RICHMOND, Va., April 9 (UPI) -- A divided Virginia legislature rejected $125 million in federal stimulus money for jobless benefits, contending a rule change it required would raise taxes.
The Virginia Senate voted 21-19 in favor of accepting the money and the state unemployment-system rule change. The change would have made thousands of part-time workers and residents in approved job-training programs eligible to receive benefits.
Virginia's jobless rate is 6.7 percent, with almost 300,000 Virginians unemployed, the state labor department said.
But the legislature's lower House of Delegates rejected the bill 53-46, arguing the unemployment-system change would translate into higher business taxes once the stimulus money was exhausted, The Washington Post reported.

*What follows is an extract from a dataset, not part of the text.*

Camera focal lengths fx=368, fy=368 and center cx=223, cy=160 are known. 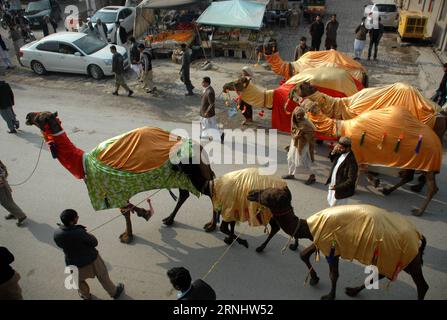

"We are being used," Republican state Sen. Ken Cuccinelli said. "Actually our constituents ... who are now unemployed are being used by this administration to hold a gun to the head of this General Assembly with the assistance of the governor to force through a bad bill."
Gov. Timothy Kaine, chairman of the Democratic National Committee, had pushed the bill as the state legislature convened for a one-day session, the Post said.
After the vote, Kaine berated legislators, saying they seemed to be telling unemployed Virginians: "We don't care. Fend for yourself," the Post said.
Kaine hinted he might try to find another way to accept the federal money, the newspaper said.